Task prompt » Using the entries below, copy exactly each line from the line with "Aventura FL 33180" up to and including the line with "Privatunterkunft Comfortable In Akh Area", with every picture left out.

Material for this exercise »
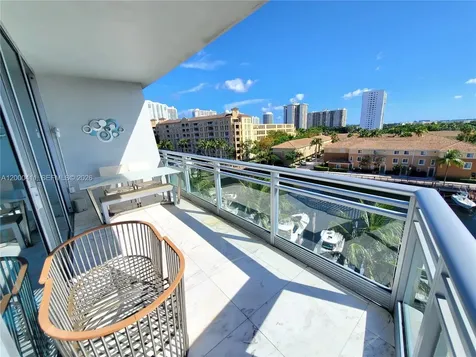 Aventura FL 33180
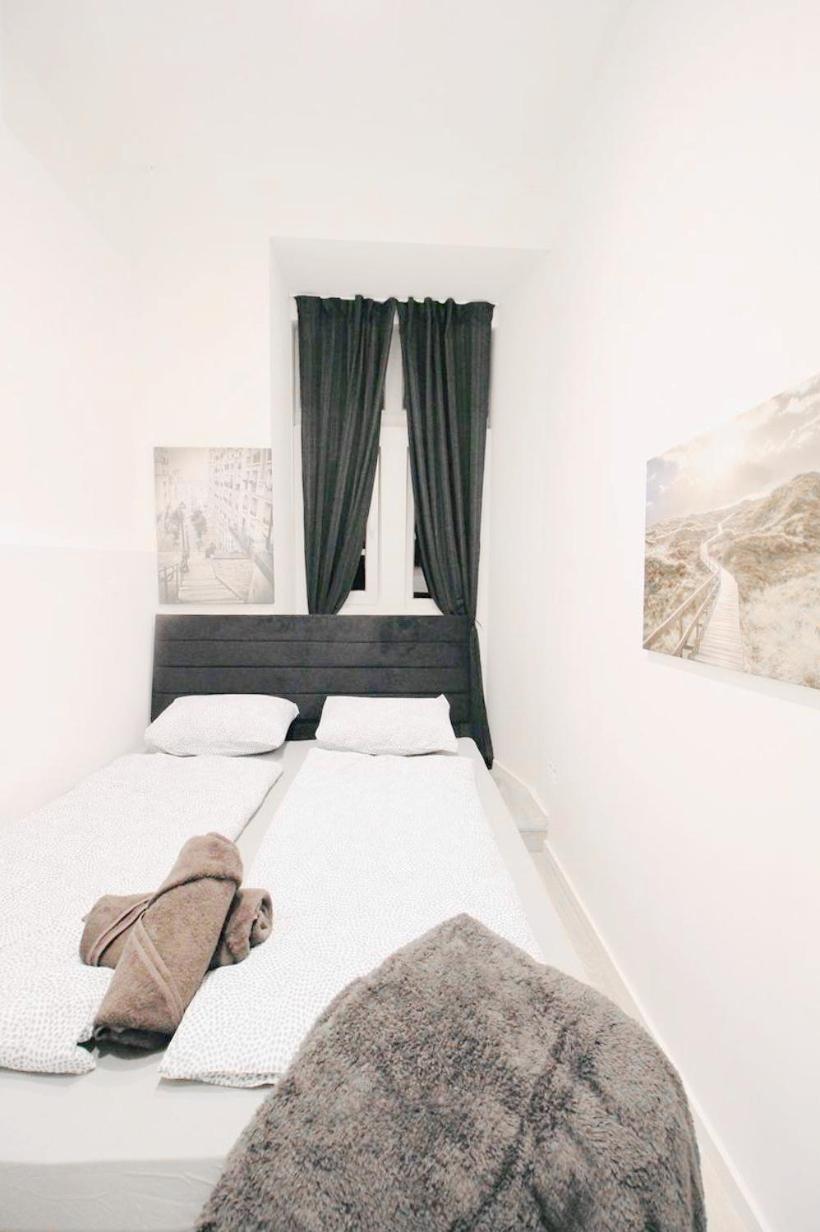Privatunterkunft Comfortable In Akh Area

* * *

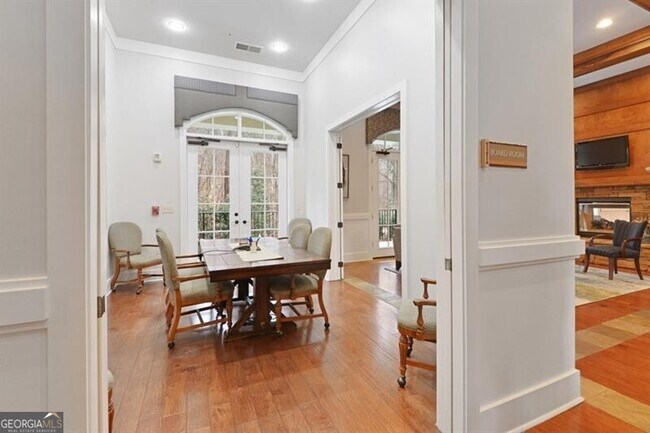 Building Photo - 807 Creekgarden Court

Expected output »
 Aventura FL 33180
Privatunterkunft Comfortable In Akh Area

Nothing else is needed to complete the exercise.